A analista técnico-educacional do Sesi São Paulo Fernanda Mizuguchi explica que a instituição, em parceria com o Serviço Nacional de Aprendizagem Industrial (Senai), fomenta o uso de tecnologias, como a robótica, em todas as etapas de ensino, “para que os estudantes não sejam só consumidores dessas ferramentas, mas que possam criar também”, desenvolvendo habilidades técnicas e socioemocionais.
No evento Trampos do Futuro, a instituição marcou presença com uma oficina de luta de sumô com robôs feitos de lego. Para a aluna do Sesi Lívia Garcia, 15, levar o projeto para outros jovens que não têm acesso a essas tecnologias é muito gratificante: “Ver as pessoas sorrindo com isso é muito legal, mostra que estamos fazendo a diferença.”
As estudantes Lorena Souza e Ana Júlia Rodrigues, 15, apresentaram um robô movido à luz. Na visão de Lorena, o ensino profissional integrado ao ensino médio trouxe novas possibilidades. “Eu nunca me vi na robótica, porque é algo muito intenso, mas quando você entra no projeto, você não imagina o quanto isso abre uma porta para o mundo da ciência e da tecnologia”, compartilha. Ana Júlia celebra a oportunidade de fazer um curso técnico em robótica ainda na escola, área pela qual se apaixonou: “Eu adoro o que faço, vejo isso como uma profissão que quero investir no meu futuro.”
A Escola Técnica Estadual (Etec) Irmã Agostina, de São Paulo, também esteve no evento. As estudantes Mariana Brocchine, Mirella Silva e Yasmin Leal, 17, estão fazendo o curso técnico de química integrado e apresentaram o projeto Our Beauty: A inclusão de pessoas negras no universo da maquiagem, que busca democratizar o acesso à maquiagem para pessoas de pele escura. “Nós criamos um aplicativo que escaneia o seu tom de pele e consegue separá-lo em cores primárias, branco e preto para você saber a quantidade necessária de cada uma para criar o tom desejado”, descreve Mariana.

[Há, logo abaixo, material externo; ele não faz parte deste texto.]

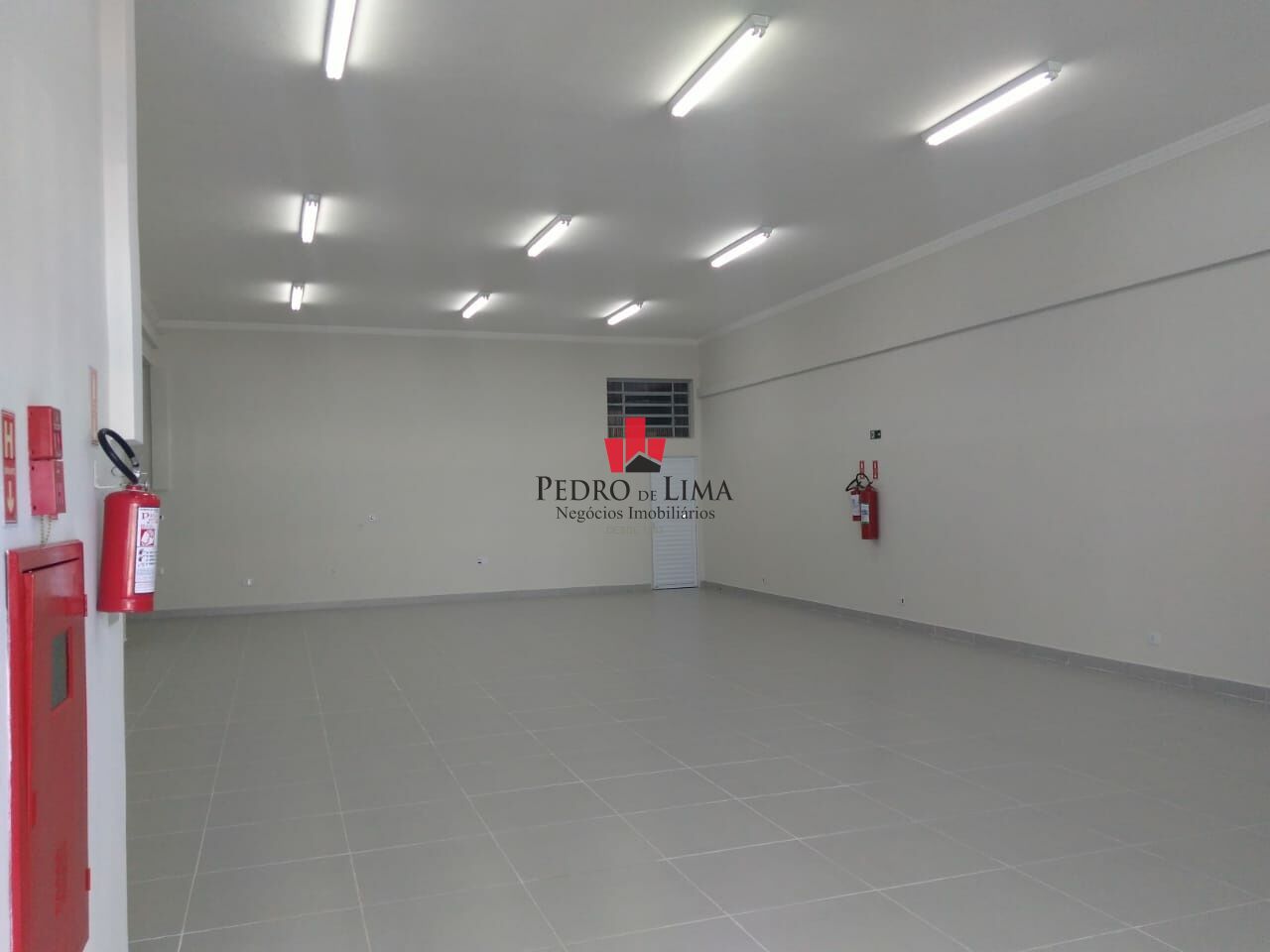 Excelente prédio comercial com salão e 17 salas no andar superior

As alunas percebem que o ensino integrado está sendo muito positivo para suas trajetórias profissionais. “Quero investir em tecnologia da informação (TI), mas sempre tendo em mente a pesquisa em ciências”, conta Mariana. Mirella deseja cursar biomedicina: “Tenho muitas possibilidades de especialização”. Já Yasmin pretende fazer faculdade de química, relembrando que as oportunidades pela Etec estão contribuindo para que “a gente tenha uma melhor passagem para o mercado”.